高齢化で注目を集める意外な「シニアビジネス」 シニア層の消費を後押しするモノとは一体?
また、ショート動画配信大手の「快手」のショート動画には数百万人のフォロワーを擁するおばあちゃんインフルエンサーが多くいます。シニアならではの人生観や、長い人生を生きる知恵、地に足のついた動画は人気を博し、大きな影響力を持っているのです。
“デジタル”シニア世代が増えている
ここまで触れてきたように、本稿で特筆したいのは中国におけるデジタルシニアの増加とそれがもたらす新たな市場の可能性です。介護・ケア用品やサービスなど、高齢化が進んでいる国々で従来あった「銀髪消費」に関する一般的な議論や、デジタルデバイド問題の対象となるシニアについてではなく、デジタル時代の進化とともに増加する前向きなシニア世代にフォーカスしたいと思います。

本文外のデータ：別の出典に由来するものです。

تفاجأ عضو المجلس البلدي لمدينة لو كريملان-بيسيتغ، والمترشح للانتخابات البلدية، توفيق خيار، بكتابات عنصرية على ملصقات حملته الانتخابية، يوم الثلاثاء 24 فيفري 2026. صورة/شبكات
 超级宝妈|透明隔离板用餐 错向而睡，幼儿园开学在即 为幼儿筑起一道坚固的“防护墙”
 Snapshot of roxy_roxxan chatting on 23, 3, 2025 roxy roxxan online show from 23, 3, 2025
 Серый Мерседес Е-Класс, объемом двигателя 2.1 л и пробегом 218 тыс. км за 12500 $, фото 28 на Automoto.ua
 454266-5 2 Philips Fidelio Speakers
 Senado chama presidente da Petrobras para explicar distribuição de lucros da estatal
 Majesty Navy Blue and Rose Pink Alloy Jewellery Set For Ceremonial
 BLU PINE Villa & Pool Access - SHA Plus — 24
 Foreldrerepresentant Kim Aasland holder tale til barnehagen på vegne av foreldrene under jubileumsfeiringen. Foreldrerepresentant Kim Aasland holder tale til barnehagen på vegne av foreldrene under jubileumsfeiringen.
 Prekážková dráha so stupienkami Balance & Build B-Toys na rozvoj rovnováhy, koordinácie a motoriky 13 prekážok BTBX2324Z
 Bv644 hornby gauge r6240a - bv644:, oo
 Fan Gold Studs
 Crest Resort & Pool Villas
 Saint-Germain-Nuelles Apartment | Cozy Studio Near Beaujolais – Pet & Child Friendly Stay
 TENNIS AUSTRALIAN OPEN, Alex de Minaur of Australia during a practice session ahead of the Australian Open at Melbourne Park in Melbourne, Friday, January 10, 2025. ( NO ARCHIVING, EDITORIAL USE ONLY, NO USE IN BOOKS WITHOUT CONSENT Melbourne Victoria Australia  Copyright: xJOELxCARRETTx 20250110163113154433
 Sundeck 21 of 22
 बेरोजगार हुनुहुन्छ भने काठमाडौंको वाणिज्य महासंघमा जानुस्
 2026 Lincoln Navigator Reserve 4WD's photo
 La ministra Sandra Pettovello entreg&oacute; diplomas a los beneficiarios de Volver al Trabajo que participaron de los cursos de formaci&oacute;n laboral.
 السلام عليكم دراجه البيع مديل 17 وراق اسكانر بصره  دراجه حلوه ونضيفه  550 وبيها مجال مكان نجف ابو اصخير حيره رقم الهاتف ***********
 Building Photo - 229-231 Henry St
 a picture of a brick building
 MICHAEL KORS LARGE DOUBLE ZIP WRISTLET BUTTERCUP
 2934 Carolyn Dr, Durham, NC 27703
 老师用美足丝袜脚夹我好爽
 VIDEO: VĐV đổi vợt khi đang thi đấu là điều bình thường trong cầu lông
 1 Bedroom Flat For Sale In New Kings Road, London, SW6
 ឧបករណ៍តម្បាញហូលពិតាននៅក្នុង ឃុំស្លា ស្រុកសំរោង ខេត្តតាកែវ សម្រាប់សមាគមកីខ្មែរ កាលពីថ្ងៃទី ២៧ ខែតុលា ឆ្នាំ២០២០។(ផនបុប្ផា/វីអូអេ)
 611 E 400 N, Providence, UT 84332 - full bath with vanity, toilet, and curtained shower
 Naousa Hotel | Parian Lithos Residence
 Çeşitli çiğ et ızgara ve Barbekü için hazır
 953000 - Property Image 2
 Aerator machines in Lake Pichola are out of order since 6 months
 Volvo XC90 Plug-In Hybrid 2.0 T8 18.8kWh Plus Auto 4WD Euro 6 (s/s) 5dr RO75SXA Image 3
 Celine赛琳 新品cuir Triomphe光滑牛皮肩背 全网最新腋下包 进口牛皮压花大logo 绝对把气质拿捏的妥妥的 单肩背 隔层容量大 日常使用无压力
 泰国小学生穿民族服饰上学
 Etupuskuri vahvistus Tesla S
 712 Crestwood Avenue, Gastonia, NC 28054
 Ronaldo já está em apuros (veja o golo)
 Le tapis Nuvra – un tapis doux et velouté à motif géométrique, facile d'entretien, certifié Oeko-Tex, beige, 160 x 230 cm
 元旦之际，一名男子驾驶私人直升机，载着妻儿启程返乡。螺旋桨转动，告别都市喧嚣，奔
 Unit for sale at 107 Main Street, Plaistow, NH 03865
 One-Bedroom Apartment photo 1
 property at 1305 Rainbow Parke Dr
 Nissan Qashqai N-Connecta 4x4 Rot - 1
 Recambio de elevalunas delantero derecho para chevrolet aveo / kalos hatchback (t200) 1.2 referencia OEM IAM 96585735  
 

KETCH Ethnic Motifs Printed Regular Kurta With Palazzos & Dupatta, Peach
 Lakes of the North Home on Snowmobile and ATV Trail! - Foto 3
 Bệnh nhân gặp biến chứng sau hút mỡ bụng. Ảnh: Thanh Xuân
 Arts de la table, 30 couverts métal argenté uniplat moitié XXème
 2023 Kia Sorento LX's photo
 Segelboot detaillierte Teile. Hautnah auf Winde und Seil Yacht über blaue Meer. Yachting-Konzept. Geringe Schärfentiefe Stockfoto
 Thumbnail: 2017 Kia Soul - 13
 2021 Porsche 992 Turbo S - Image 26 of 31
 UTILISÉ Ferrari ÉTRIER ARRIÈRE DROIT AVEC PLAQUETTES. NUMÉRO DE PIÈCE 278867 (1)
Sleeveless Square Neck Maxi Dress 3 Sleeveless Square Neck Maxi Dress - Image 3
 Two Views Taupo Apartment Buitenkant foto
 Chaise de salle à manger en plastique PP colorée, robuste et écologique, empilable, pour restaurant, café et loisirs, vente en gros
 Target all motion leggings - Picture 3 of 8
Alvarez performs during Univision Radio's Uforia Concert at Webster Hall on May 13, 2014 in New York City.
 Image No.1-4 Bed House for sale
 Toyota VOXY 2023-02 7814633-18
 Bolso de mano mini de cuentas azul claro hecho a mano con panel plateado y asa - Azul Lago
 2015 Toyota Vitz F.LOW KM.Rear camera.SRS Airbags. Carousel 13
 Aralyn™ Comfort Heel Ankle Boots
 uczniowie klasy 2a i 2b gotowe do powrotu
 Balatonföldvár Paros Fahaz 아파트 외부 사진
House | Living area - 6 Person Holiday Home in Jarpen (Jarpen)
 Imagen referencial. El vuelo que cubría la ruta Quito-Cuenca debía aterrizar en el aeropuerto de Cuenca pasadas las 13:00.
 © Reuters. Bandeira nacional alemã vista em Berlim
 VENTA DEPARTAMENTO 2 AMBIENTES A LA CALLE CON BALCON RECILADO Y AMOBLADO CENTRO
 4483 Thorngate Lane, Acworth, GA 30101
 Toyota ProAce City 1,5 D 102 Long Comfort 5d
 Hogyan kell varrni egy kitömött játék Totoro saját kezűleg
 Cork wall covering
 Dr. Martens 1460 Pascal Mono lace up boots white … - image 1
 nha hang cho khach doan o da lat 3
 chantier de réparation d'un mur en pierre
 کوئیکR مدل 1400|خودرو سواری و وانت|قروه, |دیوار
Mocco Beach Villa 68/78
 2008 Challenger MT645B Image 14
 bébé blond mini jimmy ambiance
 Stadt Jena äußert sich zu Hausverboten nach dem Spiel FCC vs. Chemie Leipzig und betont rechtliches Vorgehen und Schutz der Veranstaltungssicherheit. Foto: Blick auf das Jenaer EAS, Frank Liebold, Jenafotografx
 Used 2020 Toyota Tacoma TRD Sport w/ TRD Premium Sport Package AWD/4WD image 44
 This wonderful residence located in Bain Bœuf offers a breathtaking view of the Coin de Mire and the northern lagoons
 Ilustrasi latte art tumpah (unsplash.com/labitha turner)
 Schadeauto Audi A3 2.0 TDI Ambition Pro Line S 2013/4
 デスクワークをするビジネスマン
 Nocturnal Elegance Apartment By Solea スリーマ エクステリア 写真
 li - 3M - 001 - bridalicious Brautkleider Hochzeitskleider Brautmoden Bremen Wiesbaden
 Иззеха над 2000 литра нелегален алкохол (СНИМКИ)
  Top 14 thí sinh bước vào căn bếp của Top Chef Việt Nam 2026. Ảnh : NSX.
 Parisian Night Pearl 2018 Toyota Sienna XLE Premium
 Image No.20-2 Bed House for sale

中国では格安スマートフォンの普及が追い風となって、シニア世代のインターネット・アクセスへのハードルを下げました。2021年末時点で60歳以上のネットユーザーは約1億1900万人で、ネットショッピングができる割合、オンラインでの情報収集ができる割合は、それぞれ52.1%、46.2%となっています。50歳以上を対象とすると、2021年10月のアクティブネットユーザーは2億5100万人で前年同期比19.3%増加しています。
このように、デジタル機器やデジタルサービスの活用で人生をより楽しもうと考えるシニアが増え、政府と企業も積極的にサポートするための取り組みを行っています。ではなぜ、中国に、デジタル機器やサービスの活用に前向きなシニアが増えたのでしょうか。
タクシー配車アプリやQRコード快適決済などが一気に普及した時期、中国はスマートフォンを使いこなせないシニアにとってフレンドリーではない生活環境でした。その中で2020年、多くのシニアがコロナ禍で感染リスクを示す健康コードを活用できないなどの現実問題に直面しました。
けれどもそれが1つのきっかけとなり、大きな変化が起きます。
まず、時代の進化に乗り遅れないように、デジタルサービスを便利なツールとして積極的に受け入れようとする意欲がシニア世代にも生まれました。
次に、家庭内のデジタル教育が、デジタルシニアの増加に一役買いました。息子や娘、孫に、ウィーチャットなどのよく使われるアプリの使い方を教わったケースが多かったのです。そして、デジタルサービスを活用する楽しさを体験し、さらなる利用を促す好循環が生み出されています。